> **Requirement**
Return the listing exactly. Keep no pictures.

> **Collected data**
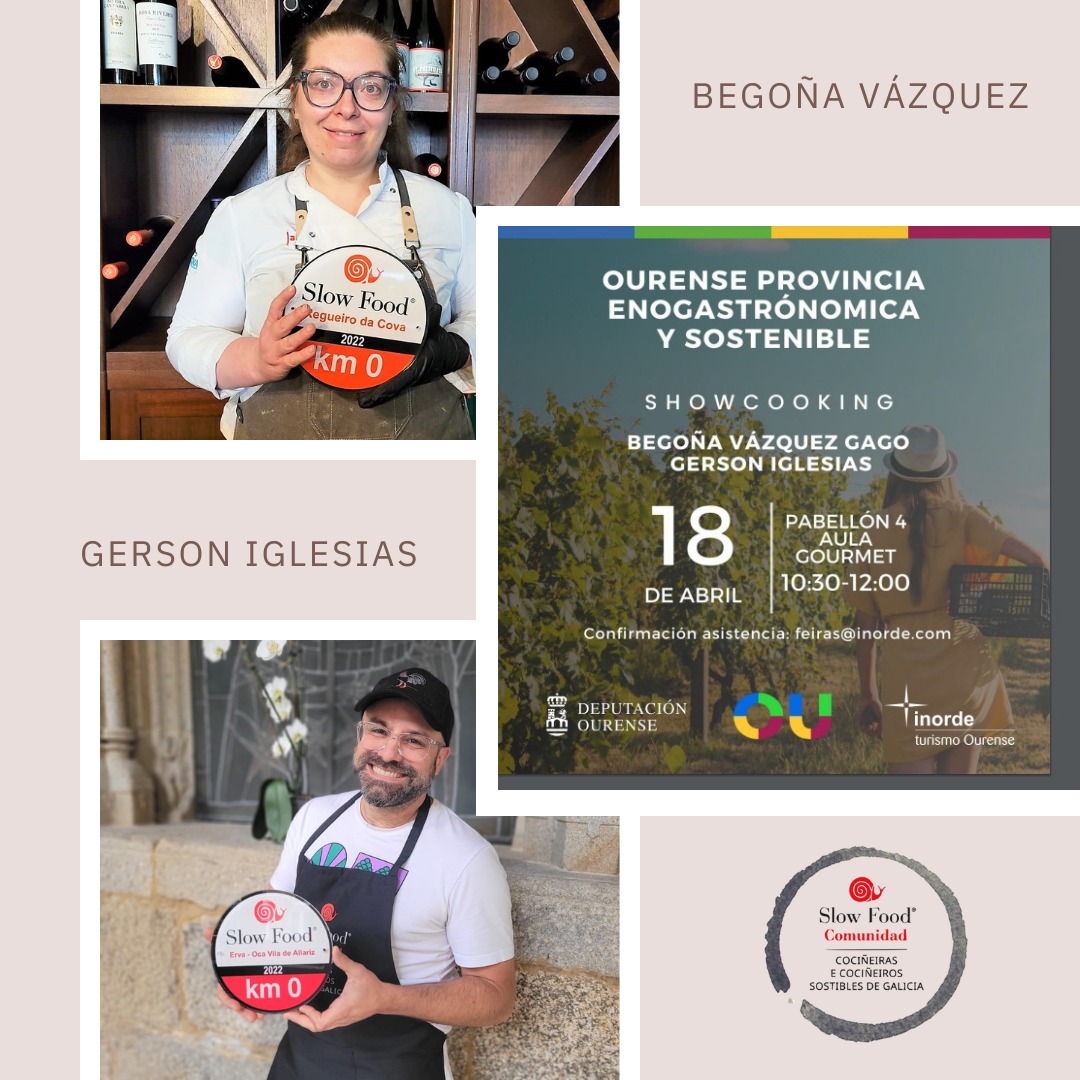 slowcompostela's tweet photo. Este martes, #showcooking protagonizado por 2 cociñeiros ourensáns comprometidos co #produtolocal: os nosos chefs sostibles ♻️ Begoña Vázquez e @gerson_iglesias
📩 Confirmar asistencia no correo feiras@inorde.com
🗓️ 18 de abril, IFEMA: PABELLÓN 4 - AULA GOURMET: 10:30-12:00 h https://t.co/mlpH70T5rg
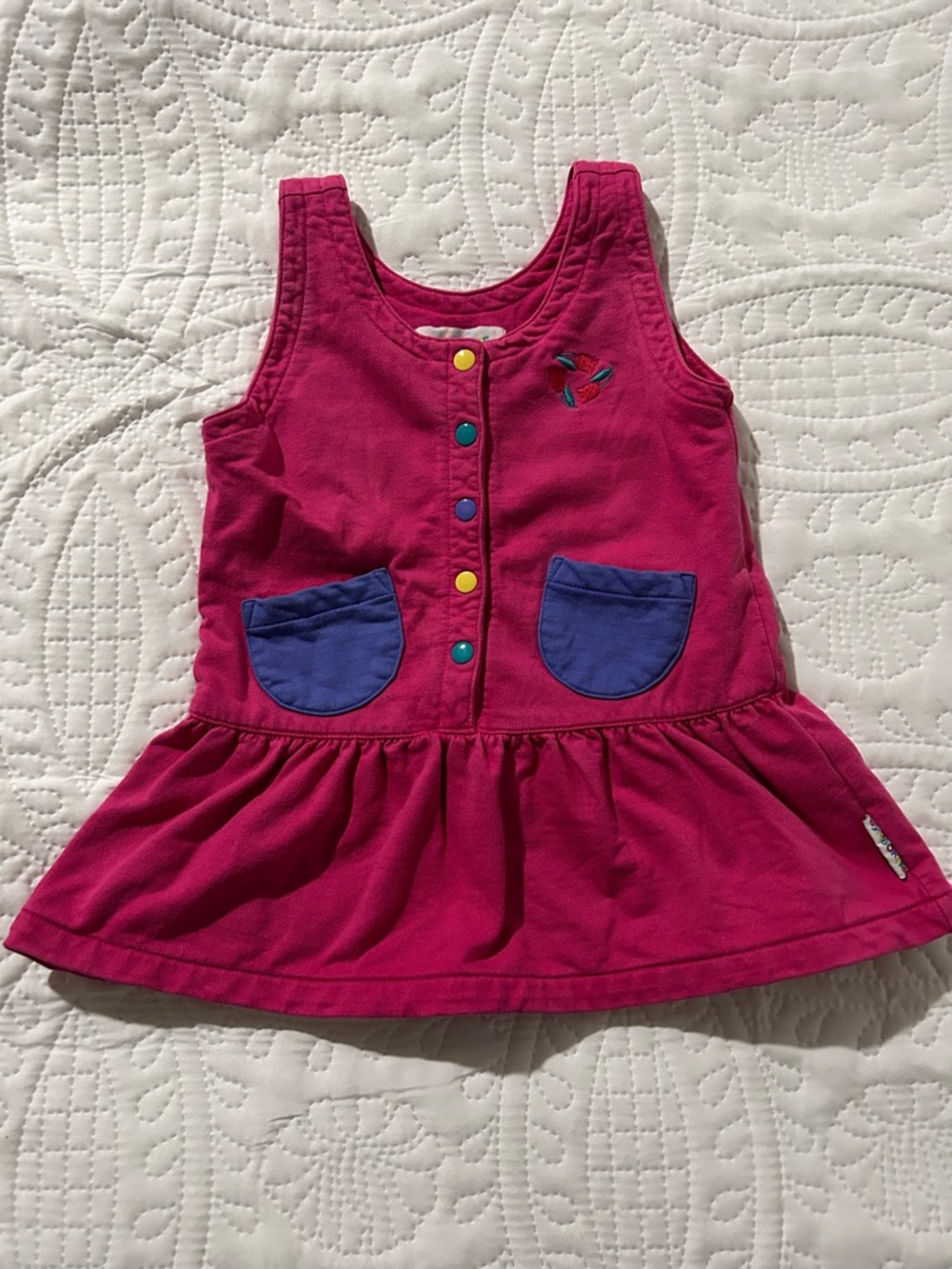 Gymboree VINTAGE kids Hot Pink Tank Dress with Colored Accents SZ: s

> **The completed task**
 slowcompostela's tweet photo. Este martes, #showcooking protagonizado por 2 cociñeiros ourensáns comprometidos co #produtolocal: os nosos chefs sostibles ♻️ Begoña Vázquez e @gerson_iglesias
📩 Confirmar asistencia no correo feiras@inorde.com
🗓️ 18 de abril, IFEMA: PABELLÓN 4 - AULA GOURMET: 10:30-12:00 h https://t.co/mlpH70T5rg
 Gymboree VINTAGE kids Hot Pink Tank Dress with Colored Accents SZ: s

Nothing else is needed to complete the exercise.